Gigabyte Technology (branded as GIGABYTE or sometimes GIGA-BYTE; formally GIGA-BYTE Technology Co., Ltd.) is a Taiwanese manufacturer and distributor of computer hardware.

Gigabyte's principal business is motherboards. It shipped 4.8 million motherboards in the first quarter of 2015, which allowed it to become the leading motherboard vendor. Gigabyte also manufactures custom graphics cards and laptop computers (including thin and light laptops under its Aero sub-brand). In 2010, Gigabyte was ranked 17th in "Taiwan's Top 20 Global Brands" by the Taiwan External Trade Development Council.

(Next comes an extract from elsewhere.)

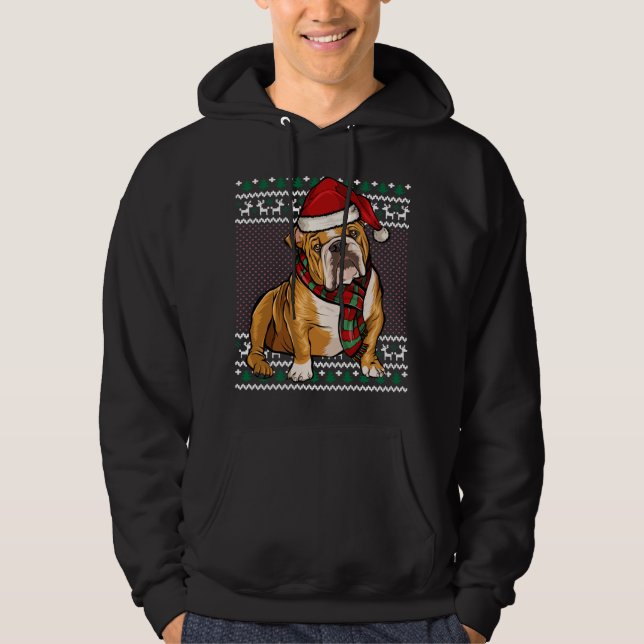 Sudadera Perro Bulldog de Navidad Santa Hat Navidades feos (Anverso)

The company is publicly held and traded on the Taiwan Stock Exchange, stock ID number .

History

Gigabyte Technology was established in 1986 by Pei-Cheng Yeh.

One of Gigabyte's key advertised features on its motherboards is its "Ultra Durable" construction, advertised with "all solid capacitors". On 8 August 2006 Gigabyte announced a joint venture with Asus. Gigabyte developed the world's first software-controlled power supply in July 2007.

An innovative method to charge the iPad and iPhone on the computer was introduced by Gigabyte in April 2010. Gigabyte launched the world’s first Z68 motherboard on 31 May 2011, with an on-board mSATA connection for Intel SSD and Smart Response Technology. On 2 April 2012, Gigabyte released the world's first motherboard with 60A ICs from International Rectifier.

Products

Gigabyte designs and manufactures motherboards for both AMD and Intel platforms, and also produces graphics cards and notebooks in partnership with AMD and Nvidia, including Nvidia's Turing chipsets and AMD's Vega and Polaris chipsets. Gigabyte's components are used by Alienware, Falcon Northwest, CybertronPC, Origin PC, and exclusively in Technology Direct desktops.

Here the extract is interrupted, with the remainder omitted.